The aim of the current study was to explore the attitudes and behavior of pulmonologists in the Netherlands regarding the smoking behavior of patients with COPD.

Materials and Methods

Study Design

To explore attitudes of pulmonologists regarding the smoking behavior of their patients with COPD, a qualitative design was used with in-depth semi-structured interviews. In the Netherlands, no medical ethical permission is required for interviewing health-care professionals, unless it concerns sensitive topics.

To guide the interviews, a topic list was developed. The initial topic list was constructed using knowledge from the existing literature on attitudes of professional caregivers regarding smoking-related behavior and stigma, and discussions between authors KM, YE and KP, who have specific knowledge on palliative care, spiritual health care and smoking addiction in COPD. These main topics were (1) attitudes regarding smoking in general and (2) attitudes regarding smoking behavior of patients with COPD (See Appendix). If new topics emerged based on the obtained information from the first interviews, they were added to the topic list. All interviews were conducted by one researcher (GvdL), who had not met the interviewees before. Each face-to-face interview took approximately half an hour and was conducted in the hospital where the participating pulmonologist practiced. Open-ended key questions were used. After no new concepts were found, three additional interviews were performed to guarantee data saturation. For this reason, the sample size was not predetermined.

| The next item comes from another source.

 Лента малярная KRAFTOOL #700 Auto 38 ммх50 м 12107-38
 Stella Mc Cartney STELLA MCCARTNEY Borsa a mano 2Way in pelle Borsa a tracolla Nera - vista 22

Pulmonologists, in most cases being the primary caregiver of patients with COPD next to general practitioners, were interviewed. Pulmonologists who worked in the three hospitals chosen for this study received an email with the invitation to participate. In two hospitals, pulmonologists work in partnerships and are therefore not employed by the hospital. In the third (academic) hospital, permission to contact the pulmonologists was obtained by the head of the department. Interviewees were registered pulmonologists in the Netherlands and not specialized in palliative care or smoking cessation. Purposive sampling was done to include both male and female pulmonologists, having different lengths of working experience, and working in different hospitals. Prior to each interview initiation, informed consent was obtained from the participants; consent to be in the study and for anonymous quotes to be used was given.

Data Analysis

The interviews were audio-recorded and transcribed verbatim. The transcripts were returned to the participants for comments or corrections. Three researchers (a pulmonologist, KM, a medical student in the final year of his master GvdL, a professor in spiritual health care, YE) independently open coded the first five interviews line by line with direct content analysis and compared and discussed the codes until consensus was reached on the code book. The remaining interviews were coded by one researcher (GvdL). During a meeting of two researchers (GvdL, YE), similar codes were merged. This coding process was performed using Atlas.ti software v.8 (; Atlas.ti Scientific Software Development GmbH, Berlin, Germany). Next, two researchers (GvdL, YE) grouped the codes into themes and sub-themes to get an overview of all mentioned determinants.


A total of 18 pulmonologists were interviewed, of whom 12 were women (67%). The age of the participants was between 35 and 63 years and they had 1 to 27 years of working experience as a pulmonologist. The interviews were held in three different hospitals in the Netherlands: one academic hospital and two large teaching hospitals. Saturation was reached after 15 pulmonologists had been interviewed. The initial number of 99 codes could be merged into 20 codes. These could be grouped into six categories. Out of these categories, we identified three themes: (1) attitudes towards smoking in general, (2) interaction between patient and physician, and (3) attitudes towards smoking cessation.

Attitudes Towards Smoking in General

Public Health

Almost all pulmonologists thought of tobacco as something negative and most of them stated that smoking needs to be banished. The participants reported different strategies to reduce smoking in society, such as increasing taxes or more laws on prohibiting smoking. The majority thought that the government acts too little on prevention and should protect its citizens.

Of course, there’s a very double interest, so partially it is for the state budget: it produces a lot. If people massively quit smoking, they live longer, so the pensions do not check out as well. So, it is discouraged, but it should all be a little firmer.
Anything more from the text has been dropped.